The event, “The New Social Covenant: Committing to Human Dignity and Common Values in the Global Economy,” which was sponsored by the World Economic Forum, marked the conclusion of a two-day symposium.

To write the New Social Covenant, various experts privately convened at Georgetown Monday and Tuesday to work on the literature that was first presented in Davos, Switzerland in January. The covenant calls for businesses, government, religious groups and citizens to agree to universal ethical values, reduce inequality in the workforce and prioritize environmental concerns.

“The historic social contract between business, government and society seems to be broken, and the legitimacy of corporations has reached a low point,” the covenant reads.

The event’s three conversations in Riggs highlighted different aspects of the collapse and intended rebuilding of a social contract.

Council Vice Chair Michael Gerson, a columnist for The Washington Post and senior advisor to the ONE Campaign, interviewed Diana Farrell, director of McKinsey & Company and former deputy director of the National Economic Council. Farrell spoke about economic policies, especially in relation to corporations, whose social responsibility departments, she said, merely plastered over problems.

“The most important thing is inequality within wage compensation,” Farrell said. “It’s a technology story, an automation story, but I would argue that it’s a societal tolerance story.”

Farrell described a shift from a society that has a market economy to a market society, where all aspects of life are reduced to numbers and monetary values.

“People who have less have even less access,” she said.

Farrell said that these pressing issues are increasingly being raised but that too few resources exist to meet these challenges. She highlighted the importance of innovation and trust-building in government.

“The strength and weakness of the U.S. system is that government was established here as the trustee of the status quo,” Farrell said.

After Farrell and Gerson spoke, University President John J. DeGioia conversed with Clinton, who was representing the Bill, Hillary and Chelsea Clinton Foundation.

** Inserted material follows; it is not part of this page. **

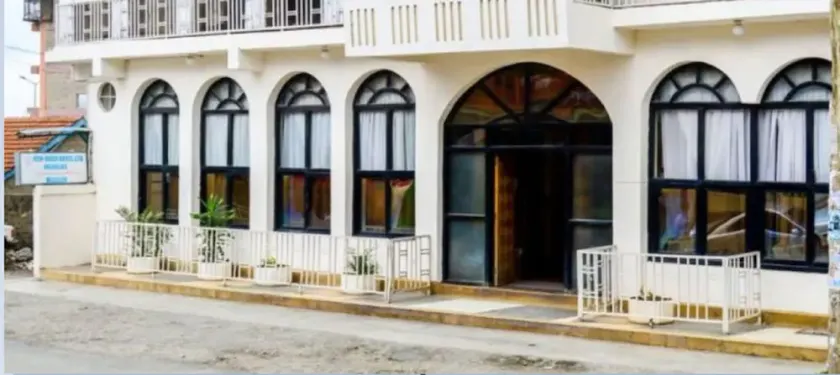 Kenvash Hotel - Image 1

The two discussed the role of philanthropy in relation to the New Social Covenant.

“Delineating the responsibility of government versus business versus philanthropy is really important,” Clinton said. “What gets rendered unto whom is important … because we can hold these institutions accountable.”

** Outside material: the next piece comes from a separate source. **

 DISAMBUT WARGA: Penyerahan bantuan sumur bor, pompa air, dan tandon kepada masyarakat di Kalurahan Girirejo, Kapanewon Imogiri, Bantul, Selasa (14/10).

Clinton, who expressed her initial desire to follow a different path from her parents’ political careers, largely discussed the work of the Clinton Foundation as an example of philanthropic responsibility.

“I don’t think we’re short on optimism or ambition, admittedly. I think we have a sense of things we can’t do, though,” she said. “We try to be really judicious [and try] to have other people solve problems [when] we’re not the right actor.”

The last conversation took place between keynote speaker Jim Wallis, the president of Sojourners magazine and council chair, and Stewart Wallis, the executive director of the New Economic Foundation, of no relation to Jim Wallis.

Stewart Wallis spoke about the degradation of values in the economic system.

“I would say we’ve got markets as religion and I think that’s very dangerous,” he said.

Jim Wallis advocated a “wisdom-based economy.”

“Let’s not have a values seminar every year at Davos and then go back to our places of work and not see anything change,” he said. “I’ve learned most about the world from being in places I wasn’t supposed to be or with people I wasn’t supposed to ever meet.”